Contributions directly to a candidate’s committee are limited to $1600 per election or a total of $3200 for both the primary and general election. This is supposedly to reduce the influence of large money in campaigns but the loophole of unlimited contributions to independent PAC’s show how easy it is to skirt this limit.
The Washington Governor’s race also saw huge spending by so called independent PACs. The BIAW through it’s PACs contributed over $7 million to unsuccessfully try to defeat Democratic Governor Gregoire.
Both the Governor’s race and Public Lands Commissioner race were wins for Democrats being hit with huge amounts of special interest money.

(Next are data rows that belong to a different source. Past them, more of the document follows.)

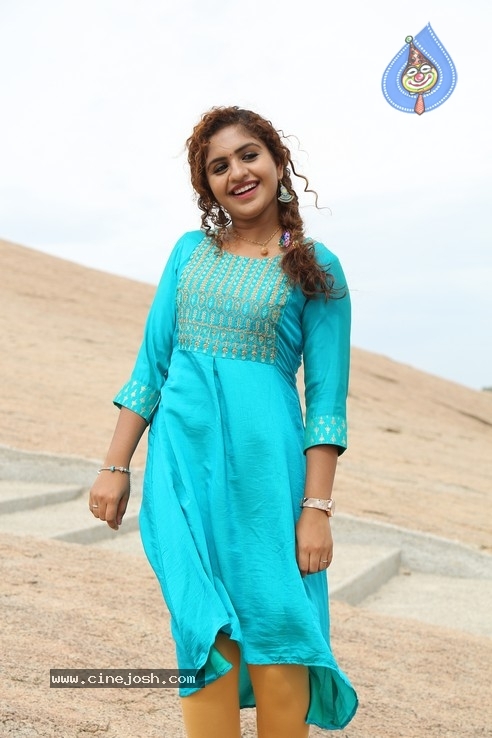 Noorin Shereefsex - Actress Noorin stills | Photos Gallery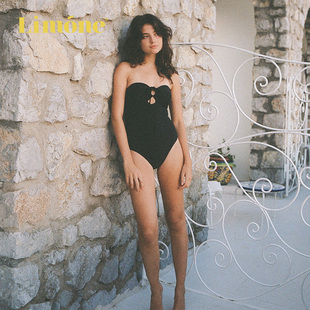 显腿长 Limone抹胸连体泳衣女显瘦温泉度假风黑色泳装 限时6折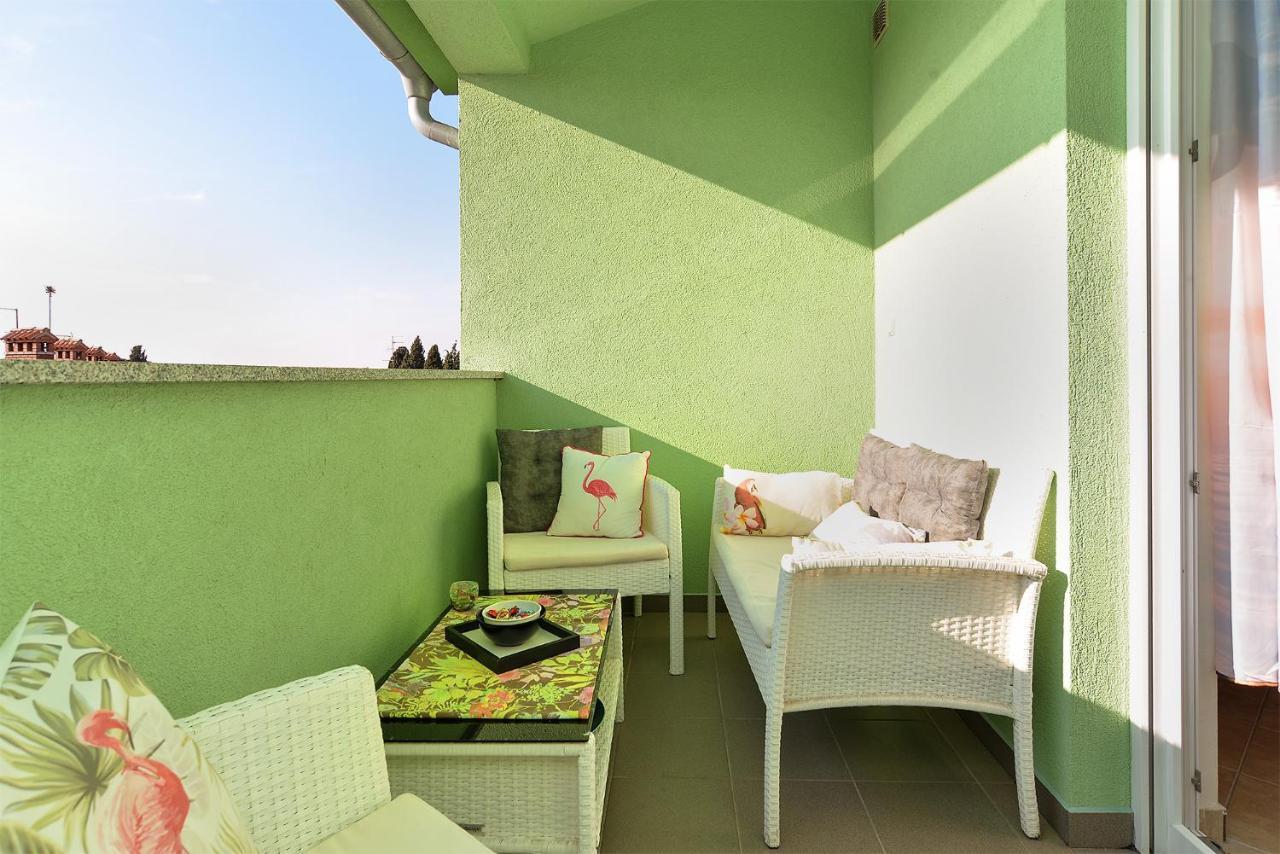 פאז'אנה Apartments Ariana 1989 מראה חיצוני תמונה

There is a real question that if Barack Obama had not been on the ballot as to whether or not these Democrats would still have won. The closeness of the two races raises the issue, particularly since some analysts are saying national issues affected many local races this year and that this may be a trend. Certainly the uniqueness and turnout of the Presidential race was a factor.

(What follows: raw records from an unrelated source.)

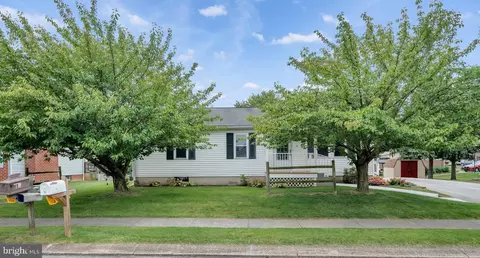 13 Deer Dr, Hanover, PA 17331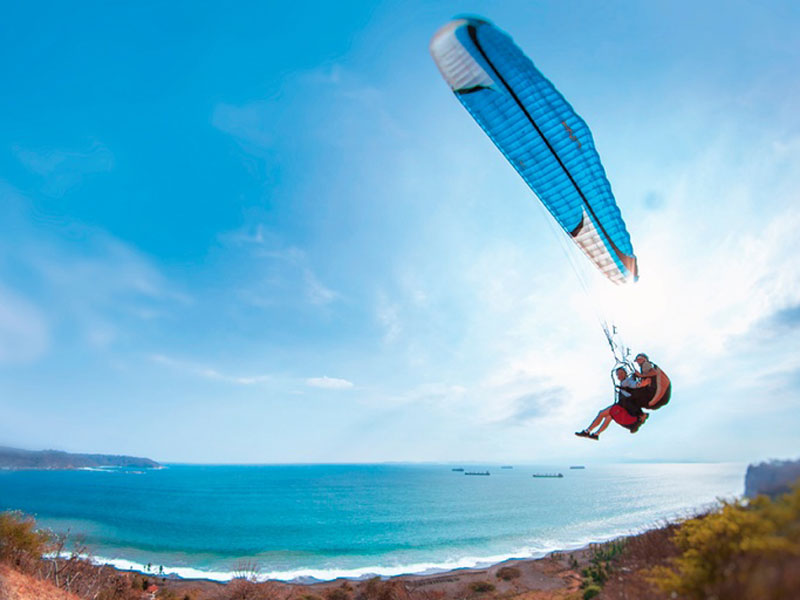 Ein Mann, der auf einem Kiteboard durch die Luft fliegt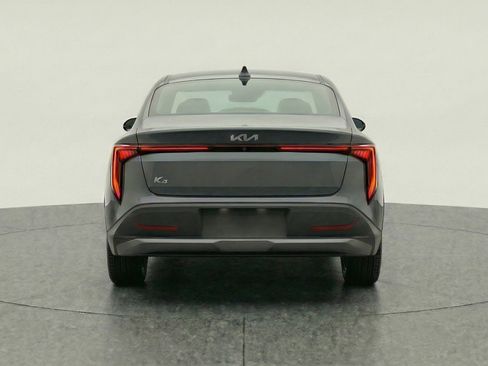 Used 2025 Kia K4 LXS FWD image 7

The idea of trying to limit the influence of huge amounts of special interest money going to PACs in Washington State is a legitimate issue to raise. The diluting by unlimited special interest contributions of the voice of those who abide by campaign spending limits is something that needs to be addressed in Washington State.
The National Conference of State Legislatures has done an analysis of state limitations on contributions to political action committees and the result is interesting. Here are some of the limits for individuals giving to PACs:
Alaska $500/yr, Arkansas $5000/yr, California $6000/election, Colorado $500/2 year cycle, Connecticut, $2000/yr, Florida $500/election, Hawaii $1000 election, Kentucky $1500/yr, Louisiana $100,000/4 yr cycle, Maryland, $4000/4 yr cycle, Massachusetts $500/year, New Hampshire $5000/election, New Jersey $7200/yr, North Carolina $4000/election, Ohio $10,670/yr, Oklahoma $5000 yr, Rhode Island $1000/yr, South Carolina $3500/yr, Vermont $2000/2 yr cycle
Meanwhile Washington State allows unlimited money from an individual to go to a PAC. Our only limit is that during the last 21 days before an election, no contributor may donate more than $5000 to a candidate or political committee.

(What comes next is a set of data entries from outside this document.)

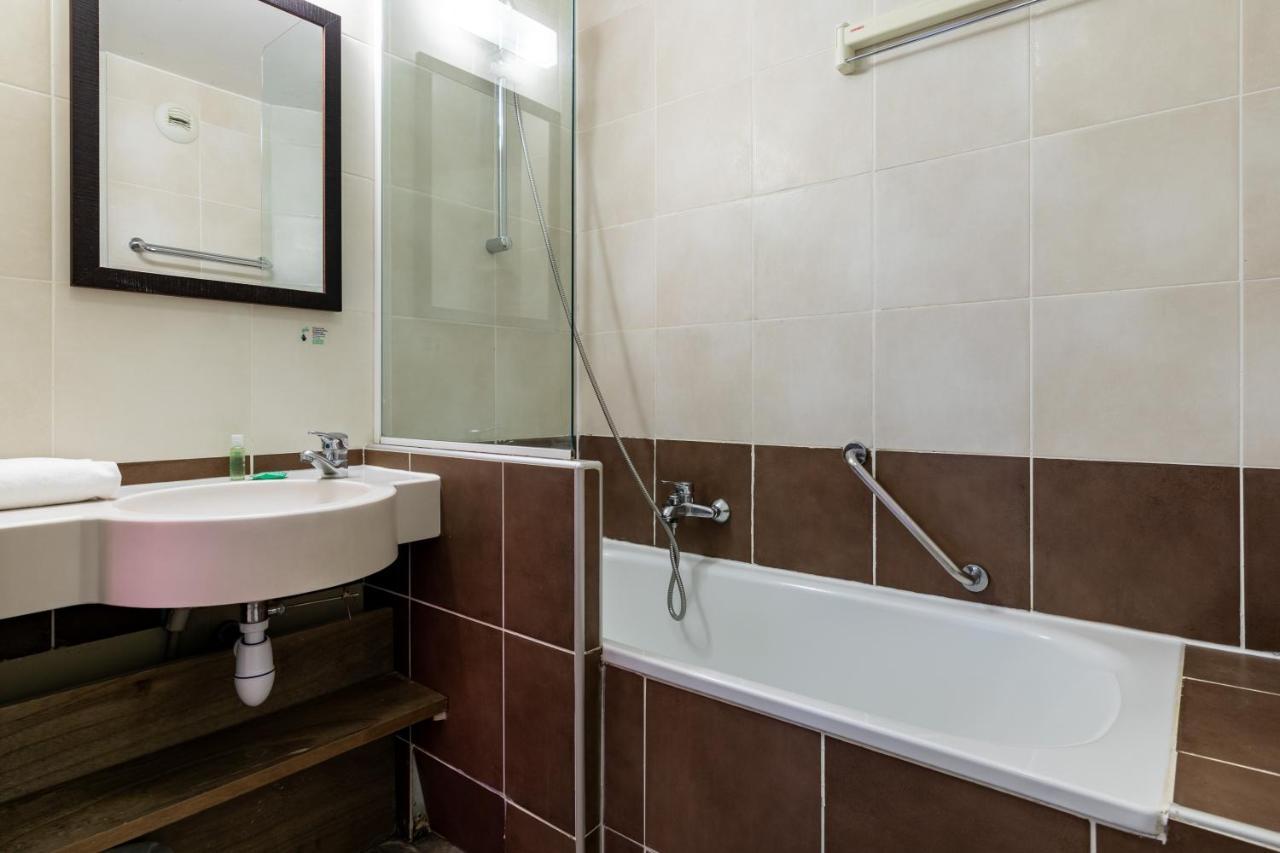 Two-Bedroom Duplex Apartment,1305476542:JPEG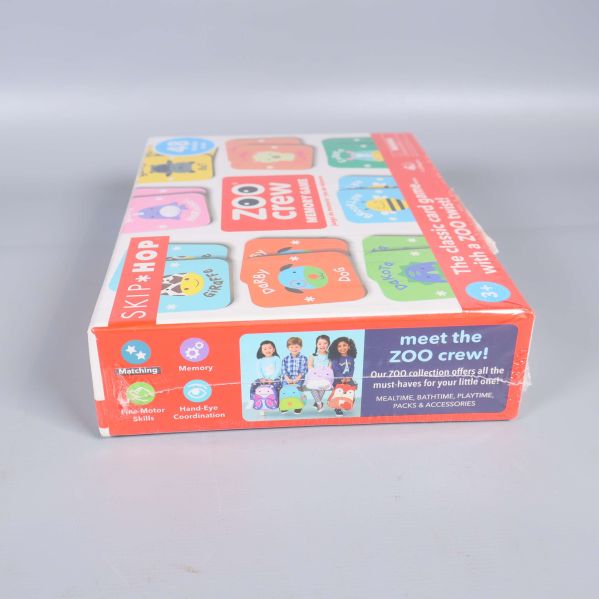 Sidan av Zoo Crew memoryspel med information om djurfigurer och barn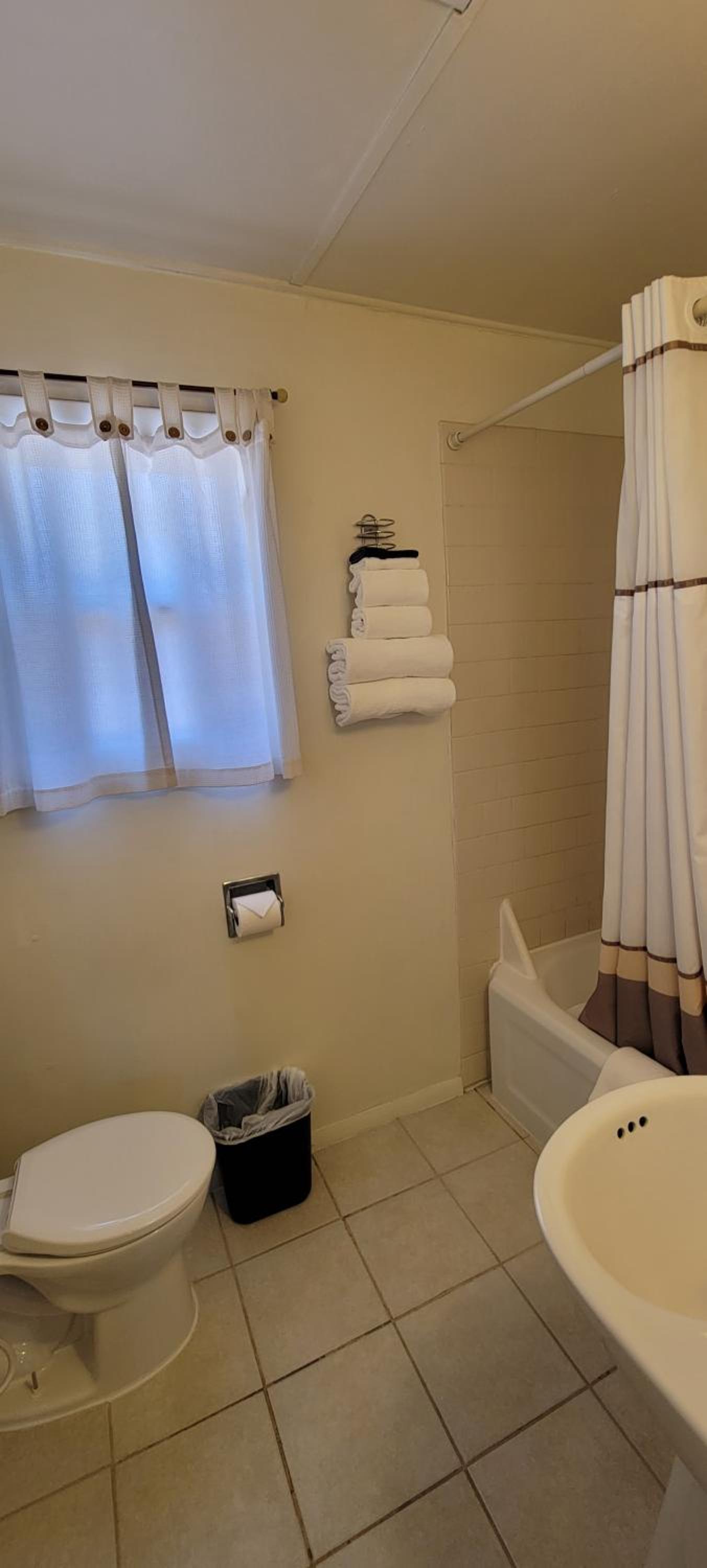 Husker Inn photo 7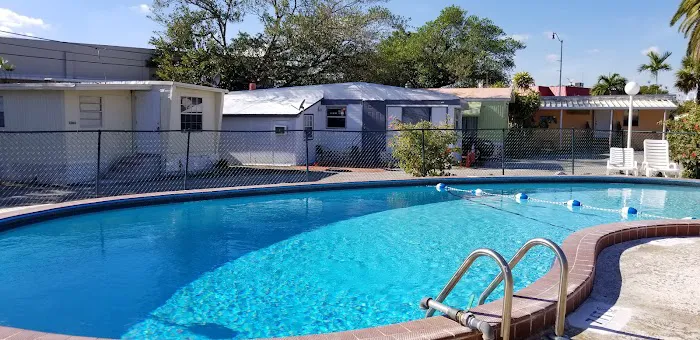 Sunnyside Trailer Park Picture 4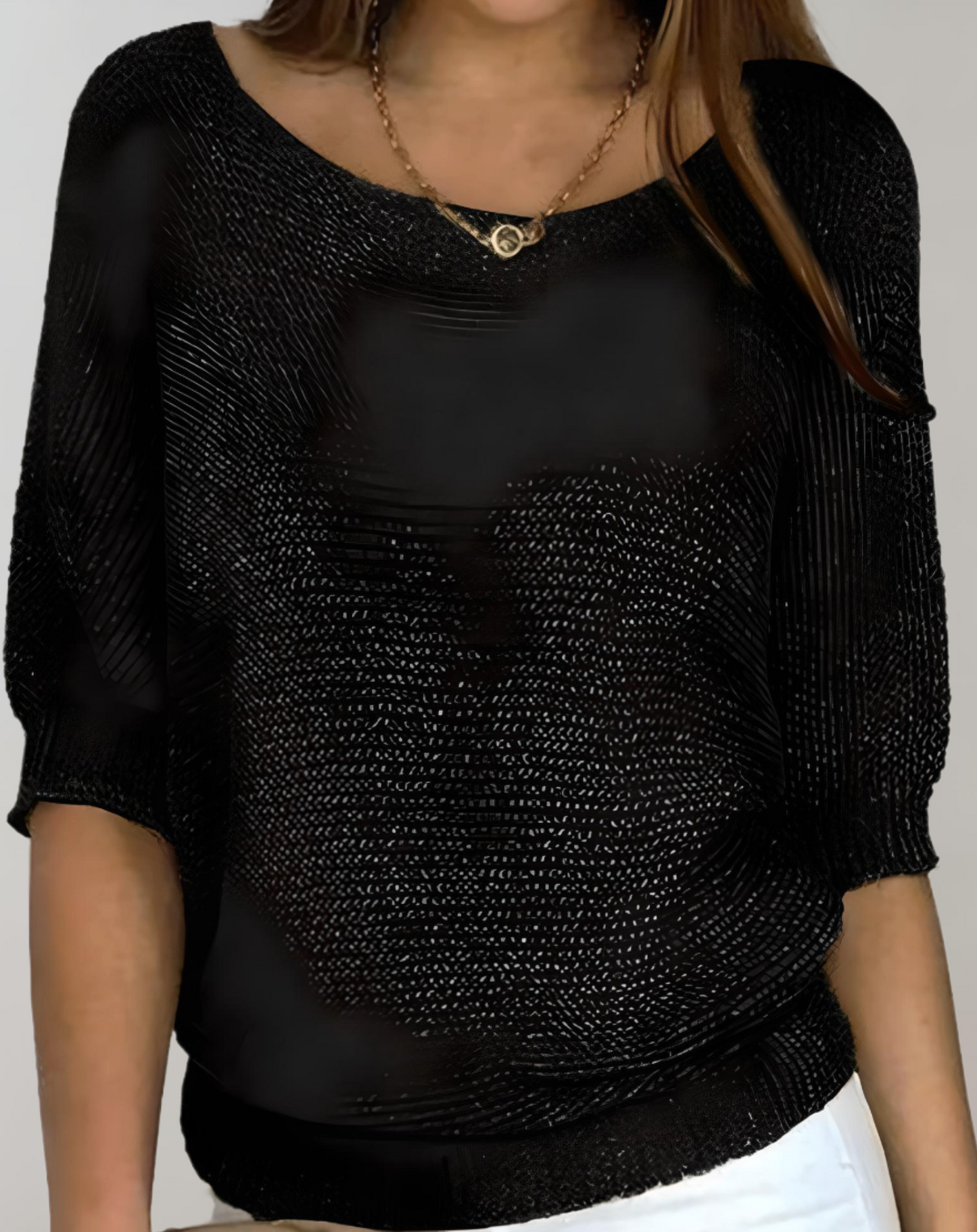 Eloura-Moda | Beautiful fitted sweater with a round neckline and straight sleeves to medium length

The other limit some states impose on contributions to PACs is to limit corporate and union contributions. These include:
Alabama $500/election, Arkansas $5000/calender yr, California $6000/election, Connecticut $2000/calendar year, Florida $500/election, Hawaii $1000/election, Indiana $5000 state candidates, Louisiana $100,000 4 yr cycle, Maryland $4000/4 yr cycle, Mississippi $1000/calendar year, New Hampshire $5000/election, New Jersey $7200/yr, New York $5000 total/yr, South Carolina $3500/calendar yr, and Vermont $2000//2 yr cycle.
Meanwhile Washington State allows unlimited corporate and union contributions to PACs with the 21 day rule exception above limiting contributions to no more than $5000 in the last 21 days before an election.
Going even further, a number of states ban all corporate and union contributions to PACs including Alaska, Arizona, Kentucky, Massachusetts, Michigan, Minnesota, Montana, Oklahoma, Pennsylvania, South Dakota, Tennessee, Texas, West Virginia, Wisconsin and Wyoming.
We can do things differently in Washington State. While the US Supreme Court has overturned strict spending limits, they have agreed that reasonable limits on contributions are acceptable.
Equalizing corporate and union and individual contributions to PACs to be the same limits as those to candidate campaign committees seems a reasonable way to reduce the influence of special interests with huge bankrolls from overwhelming the voice of individual voters.
A limit of $1600 to contributions to candidate campaign committees and independent PACs per election would help stop the flood of special interest contributions trying to outshout the voices of individual citizens engaging in the electoral process.